|
|
|
|
|
by Maursault
2086 days ago
|
|
That just isn't the case. Nuclear (fission) has always been the single most expensive way to generate electricity, and the expense has only increased. Uranium is crazy expensive. Security is very expensive. Spent fuel storage effectively never stops costing, and it isn't ever cheap. If nuclear was simply expensive because of regulations, investors would find a way, and you could not beat them away from building nuclear power plants. But that just isn't where the expense lies. Today it costs $20B to build a nuclear power plant, and that does not include the cost of spent fuel storage or decommissioning. Investors are actually pretty shrewd to stay away from that kind of an investment that always loses. The idea of "electricity too cheap to meter" simply never materialized. Today, electricity generated from solar power is cheaper than electricity generated from nuclear power.
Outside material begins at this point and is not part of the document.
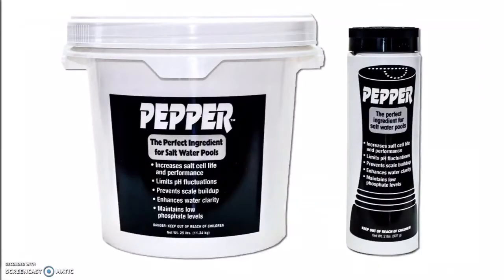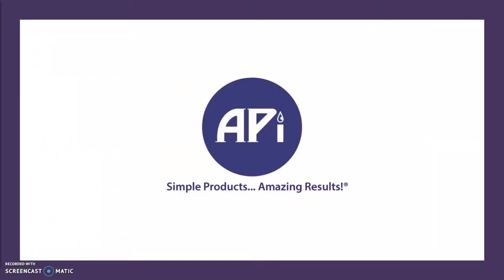Pepper is available in two sizes: 2 pound and 25 pound. For more information and pricing, see your sales associate.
The main reason the 110 or so commercial nuclear plants were ever built is that the US military vastly overestimated its need for fuel for bombs. |
|
Furthermore, not only was solar power borderline non existent when those reactors were built, it is also still intermittent. You are just glossing over the biggest challenge of energy - balancing the powe grid. No-one needs energy if it's only avaliable at the wrong time. Energy storage multiplies cost of renewable electriciry several times over, and no country-scale grid has ever operated on wind and solar.
Lastly, energy is actually cheap - you can see that because we can afford transporting a pair of jeans 4 times across the world in the process of manufacture. We could have had zero-carbon grid since the 70s with nuclear - and France did. Even though France has cheapest energy in EU, suppose energy would be 30% more expensive. So what? We would be so much better off in terms of climate change.